Атмосфера в хартфордском приюте, как и в основанных вскоре других школах, была проникнута неподдельным энтузиазмом и волнением, которые всегда характерны для любого важного интеллектуального и гуманистического начинания[24], быстрый и впечатляющий успех которого вскоре привел к открытию других школ в местностях с высокой плотностью населения, где можно было найти достаточно глухих учеников. Учителя глухих (почти все они бегло владели языком жестов, а многие и сами были глухими) практиковались в Хартфорде. Французская система жестов, привезенная Клерком, быстро смешалась с местной системой языка жестов – глухие создают такой язык везде, где образуется хотя бы небольшое их сообщество, так как он является наиболее простым и естественным для них средством общения, – и в результате получился на редкость выразительный и мощный гибрид – американский язык жестов (АЯЖ)[25]. Живительная мощь народного творчества – убедительно показанная в книге Норы Эллен Гроус «Здесь все говорили на языке жестов» – была щедрым вкладом глухих Мартас‑Винъярд в создание американского языка жестов. Весьма значительная часть населения на острове страдала наследственной врожденной глухотой, и почти все остальные жители острова владели легким и выразительным языком жестов. Подавляющее большинство глухих Винъярда побывали в хартфордском приюте в годы его становления, где они способствовали созданию уникального по силе и выразительности национального языка глухих.

Возникает впечатление, что в те годы происходило своего рода опыление; люди приезжали и уезжали, принося в Хартфорд региональные языки со всеми их особенностями и унося оттуда отшлифованный и обобщенный язык[26]. Распространение грамотности и образованности среди глухих в Соединенных Штатах было таким же впечатляющим, как и во Франции, а вскоре оно охватило и другие части мира.

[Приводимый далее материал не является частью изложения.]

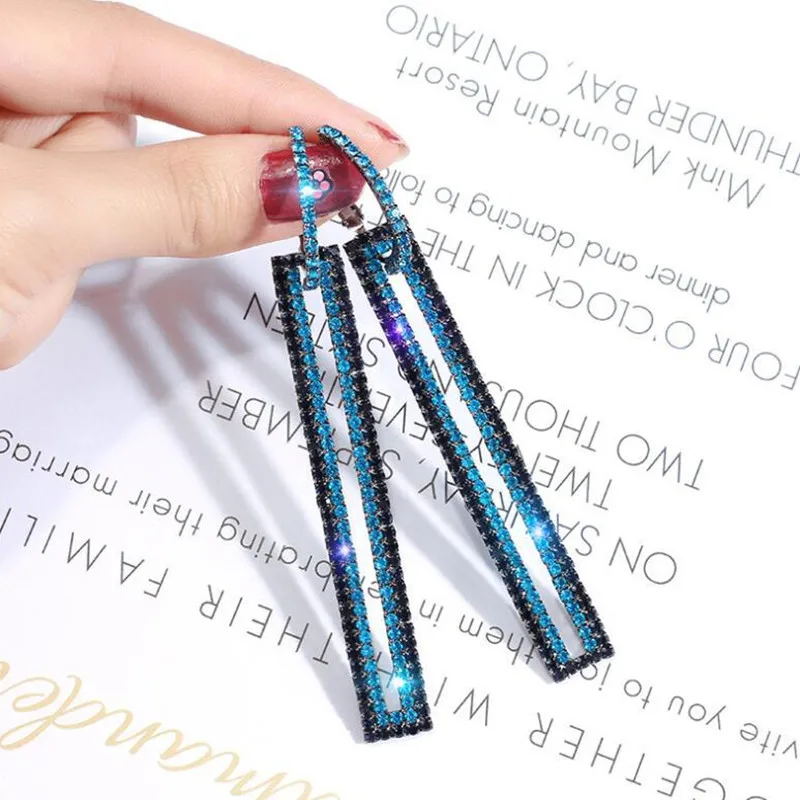 blue Корейские модные блестящие длинные серьги с кристаллами, геометрические полые квадратные Стразы, трендовые серьги-капли для женщин, вечерние ювелирные изделия - Окраска металла: blue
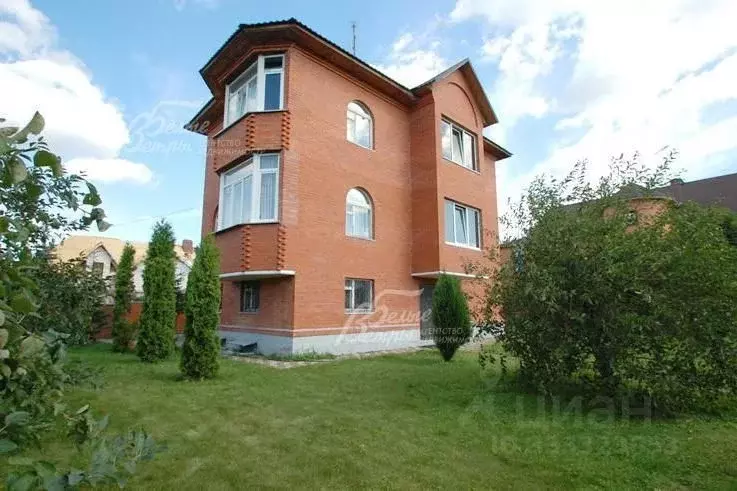 Дом в Москва д. Городище, ул. Набережная (250 м) - Фото 1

Лейн считает, что к 1869 году в мире было 550 учителей для глухих, причем более 40 процентов учителей в США сами были глухими. В 1864 году конгресс утвердил закон, согласно которому Колумбийский институт глухих и слепых в Вашингтоне был преобразован в национальный колледж для глухонемых. Это было первое в мире высшее учебное заведение для глухих. Первым руководителем колледжа стал Эдвард Галлоде, сын Томаса Галлоде, который привез в 1816 году из Франции Клерка. Колледж Галлоде, как он впоследствии был назван (теперь это университет Галлоде), до сих пор является единственным высшим учебным заведением, где глухие могут получить высшее гуманитарное образование. Сейчас, правда, есть несколько образовательных учреждений, организованных при технических колледжах, где учатся глухие студенты. (Самое знаменитое учебное заведение такого рода – Рочестерский технологический институт, на базе которого создан Национальный технический институт для глухих, где обучаются полторы тысячи студентов.)

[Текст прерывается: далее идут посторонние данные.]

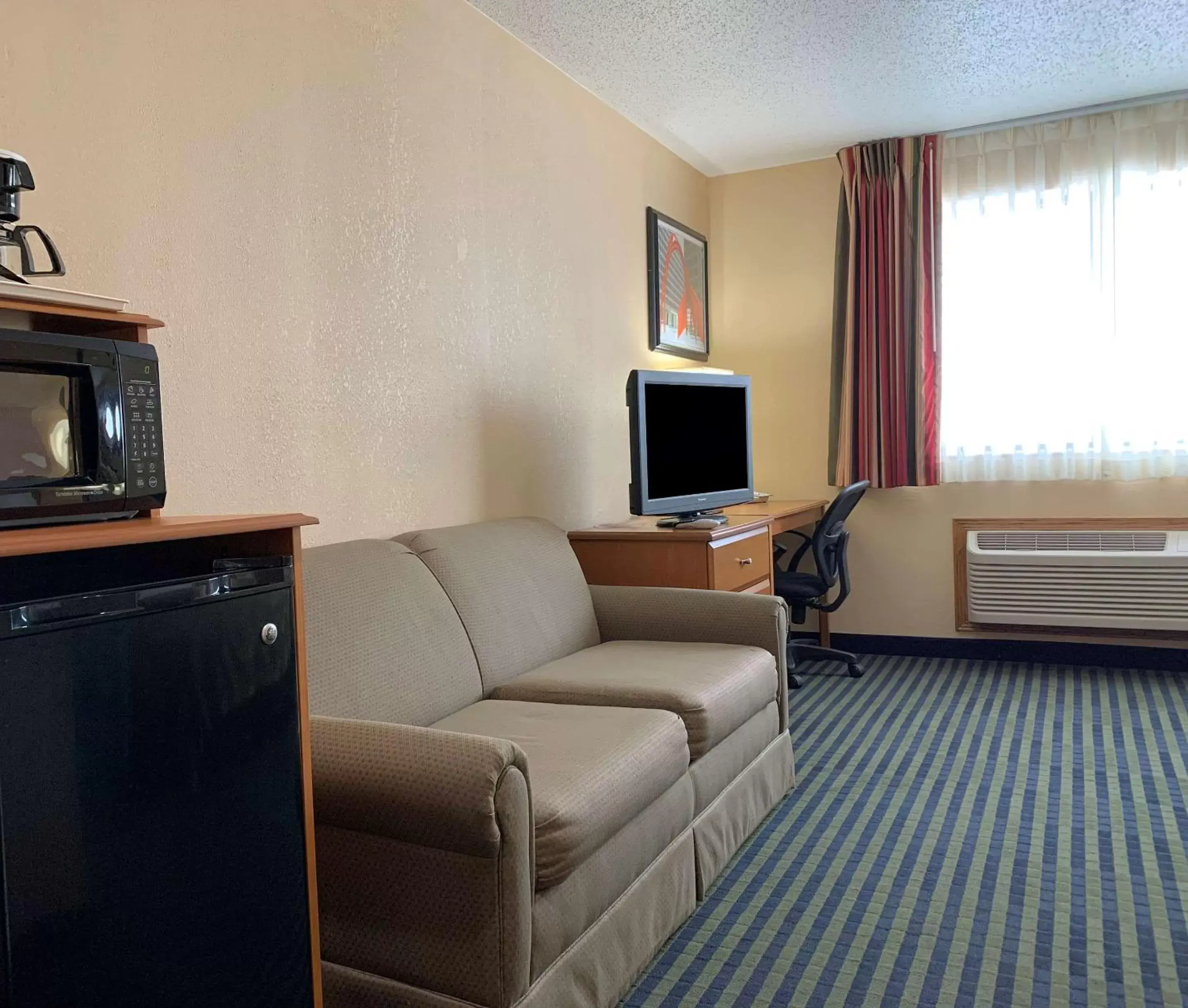 Photo of the whole room, TV/Entertainment Center in Quality Inn Ottawa near Starved Rock State Park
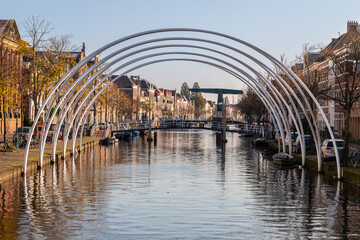 Blick auf einen Kanal in der Stadt Leiden in Holland.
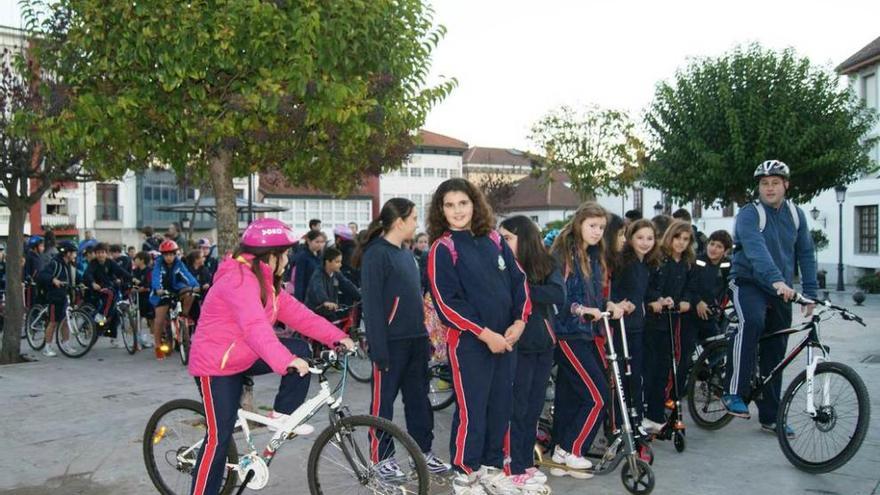 Los alumnos del San Luis de Pravia, sobre ruedas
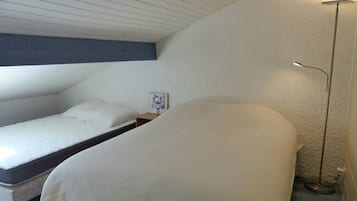 2 多间卧室、免费 WiFi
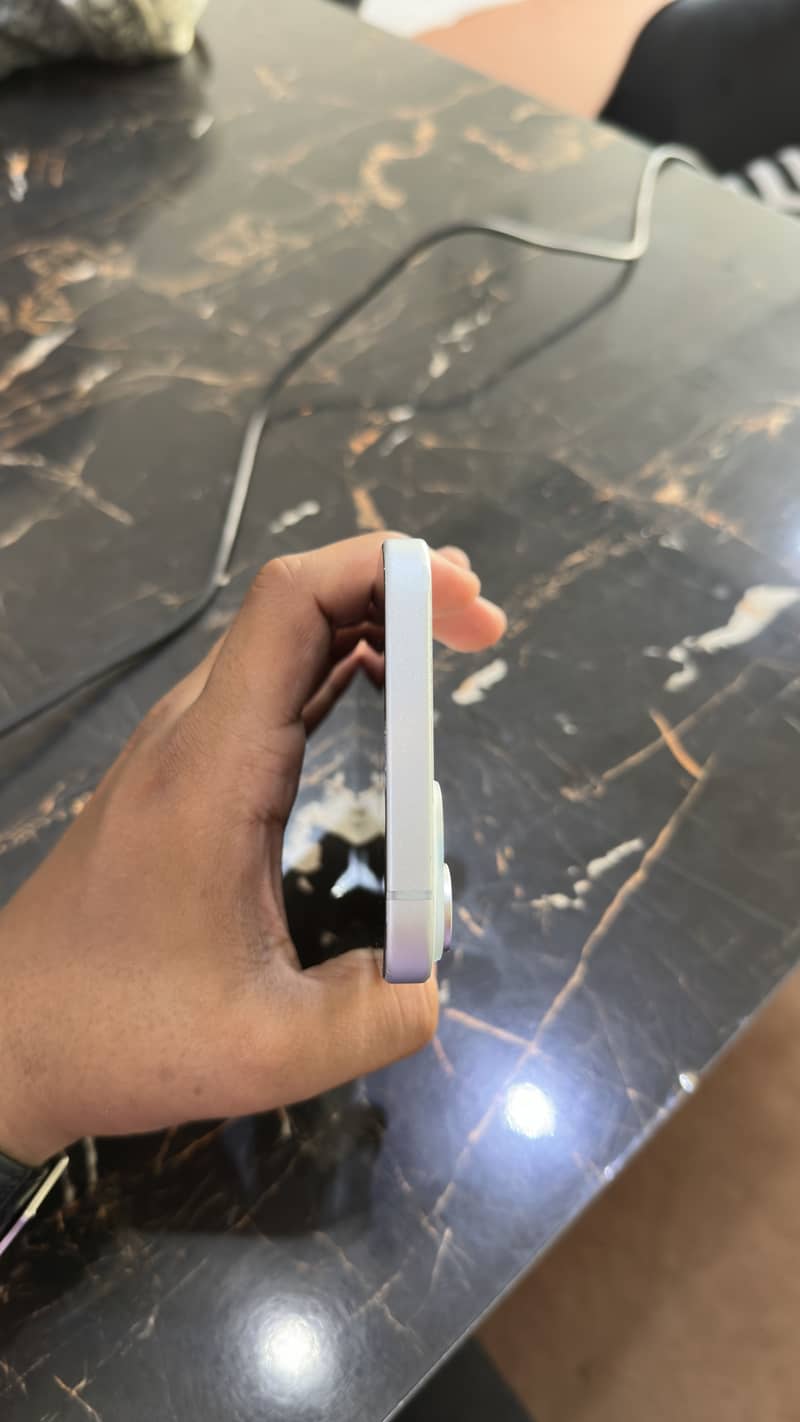 Apple iPhone 15 plus 7
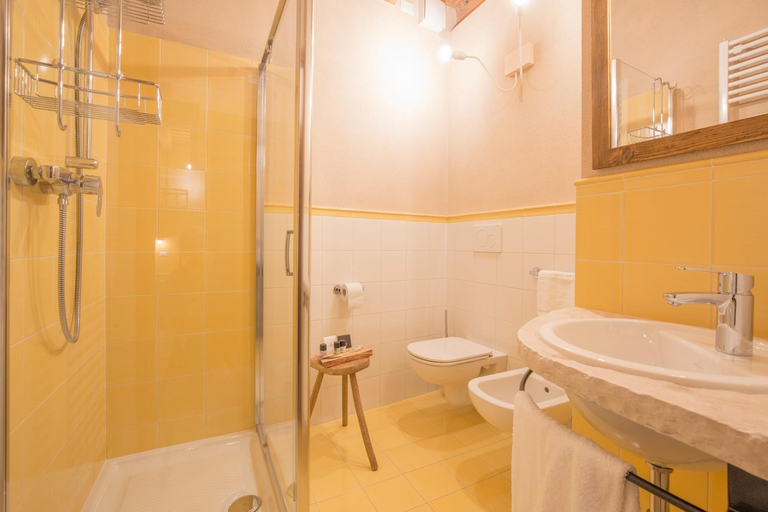 Bathroom 3, Corte Formigar, Verona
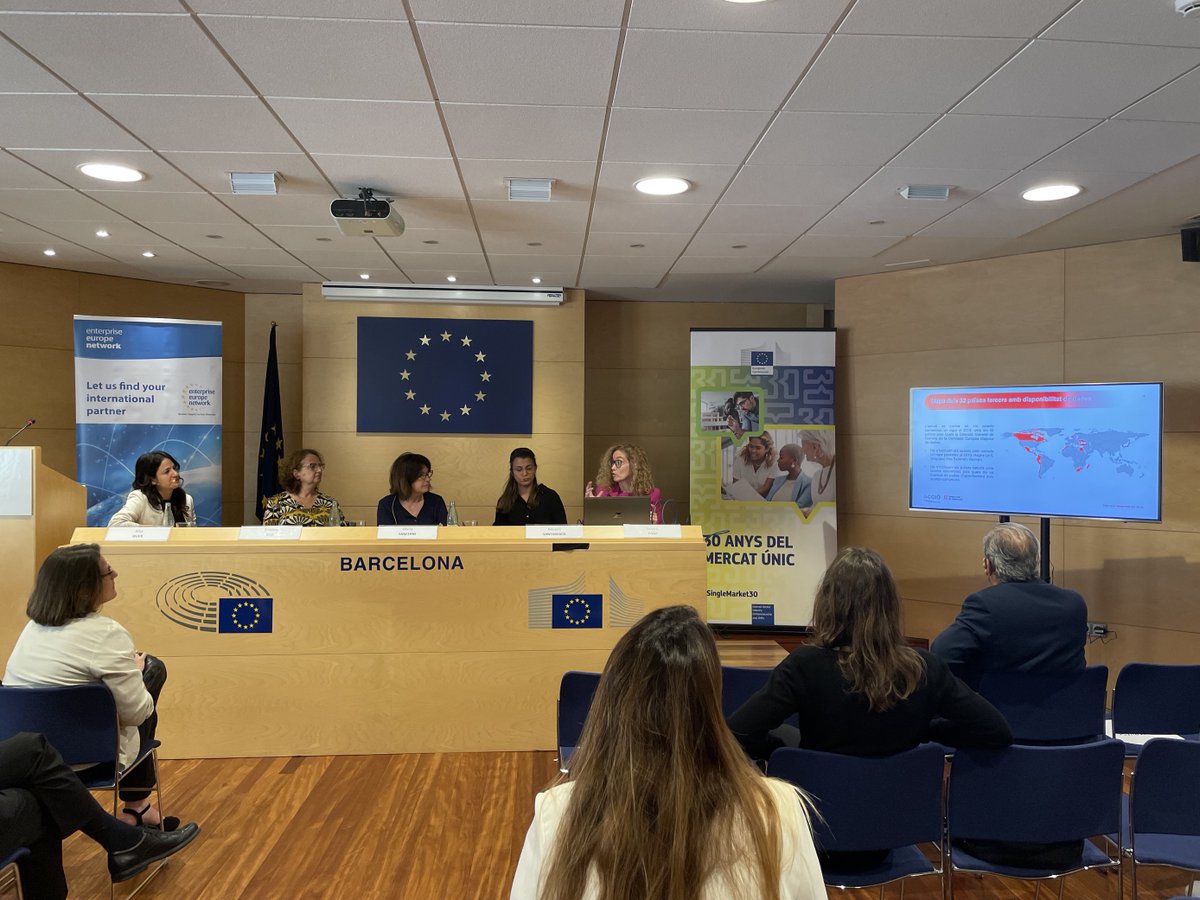 accio_cat's tweet photo. 🇪🇺30è aniversari del #SingleMarket!

Hem presentat eines per impulsar la internacionalització de les empreses catalanes com:
👉Oficina de barreres
👉Catalonia Trade Portal
👉Alertes de comerç internacional

@eencat @comissioeuropea @cambrescat @CambraBCN
https://t.co/HwGeZ9adWD https://t.co/soY8wpXQ1S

Движение, результатом которого явилось образование и равноправие глухих, возникнув и набрав силу во Франции за период с 1770 по 1820 год, продолжало свое триумфальное шествие по Соединенным Штатам вплоть до 1870 года. (Клерк, до конца жизни активно занимавшийся просвещением и образованием глухих, обладавший незаурядным личным обаянием и авторитетом, умер в 1869 году.) Но потом – и это был поворотный пункт всей истории глухих – движение начало угасать, уступив место учению о том, что в общении слышащих с глухими и в общении глухих между собой недопустимо использование языка жестов. В течение двадцати лет были уничтожены все плоды титанического труда.

То, что произошло с глухими и языком жестов, было частью общего (если угодно, политического) движения той эпохи: склонности к викторианскому подавлению всего нового, к конформизму, нетерпимости к меньшинствам и их обычаям – религиозным, лингвистическим, этническим. Именно в то время началось подавление и принуждение к ассимиляции малых народов и их языков (например, валлийцев и валлийского языка).

Конечно, в течение двух столетий существовало довольно мощное встречное подводное течение, исходившее от учителей и родителей глухих детей. Это было стремление научить глухих детей говорить. Уже за сто лет до трагического поворота де л’Эпе находился в негласном конфликте с Перейре, самым влиятельным «оралистом» того времени, стремившимся заставить глухих говорить на языке устной речи. Перейре посвятил всю свою жизнь обучению глухих устной речи. Эта работа и в самом деле требовала самоотверженности, так как на решение поставленной задачи уходили годы и годы неимоверно тяжелого труда, ибо для воспитания одного ученика требовался один учитель, в то время как де л’Эпе один мог обучать сотню учеников. И вот теперь, в 70‑е годы XIX века, это подводное течение возобладало, как это ни странно, именно благодаря успехам обучения глухонемых, успехам, доказавшим, что глухих можно и должно учить. Новое учение возобладало, но одновременно уничтожило инструмент достижения цели.

Противоборство обеих систем было реальной проблемой и остается ею по сей день. Какой толк, спрашивали «оралисты», использовать жесты без настоящей речи? Не ограничит ли этот подход жизнь глухих людей повседневным общением исключительно с другими глухими? Разве не следует вместо этого преподать глухим речь (и чтение с губ), что позволит полноценно включить их в жизнь всего населения? Не надо ли вовсе запретить язык жестов, чтобы он не мешал усвоению устной речи?[27]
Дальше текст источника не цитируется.